The decision followed hard on the heels of the decision by British supermarket group Tesco to stop buying produce from Zimbabwe ”while the political crisis exists”.
To date, ”smart” sanctions imposed on Zimbabwe by the European Union and the United States have taken the form of travel bans and of freezing the foreign bank accounts of about 130 members of the ruling elite.
Moves to isolate the country may now be extended to sport. The International Cricket Council is set to discuss whether to exclude Zimbabwe from international competitions.
This week the United States was preparing to propose the imposition of international sanctions at the UN, including an arms embargo. A draft resolution, formulated by the American authorities, says the financial assets held abroad by Mugabe and 11 other Zimbabwean officials should be frozen.
If the resolution is adopted by the UN Security Council Mugabe and his associates will also be banned from travelling anywhere in the world.
Late last month British Prime Minister Gordon Brown urged British companies to stop investing in Zimbabwe and said his government was preparing ”intensified sanctions” against individual members of Mugabe’s government.
This statement followed news that Anglo American would invest $400-million in a platinum mine in Zimbabwe. The investment is equivalent to the total foreign direct investment Zimbabwe received in 1998, during relatively more peaceful days.

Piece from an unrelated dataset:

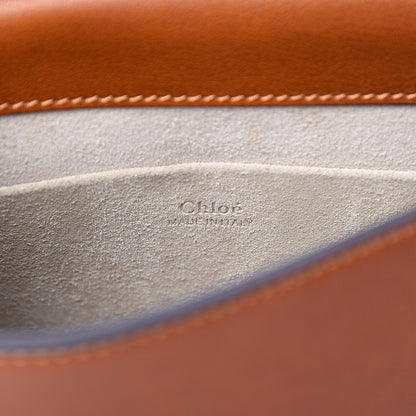 Chloe Calfskin Suede Floral Patchwork Small Nile Bracelet Bag Caramel 6 of 11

”Businesses and individuals who have any dealing with Zimbabwe must examine their own responsibilities and must not make investments that prop up the regime,” Brown told the House of Commons, where some Tory MPs are known to have shares in Zimbabwe-based companies.
Brown’s Minister for Africa, Lord Malloch Brown, warned companies active in Zimbabwe to ”look very carefully at their investment portfolio”.
Despite Mugabe’s ranting about British imperialist designs on Zimbabwe, British companies still control vast swathes of the country’s economy, with interests ranging from petroleum to banking.
Standard Chartered and Barclays Bank are among the biggest British-owned banks. British American Tobacco has cornered what remains of the tobacco crop, while BP has a large slice of the fuel retail sector and Rio Tinto and Falgold are involved in gold mining.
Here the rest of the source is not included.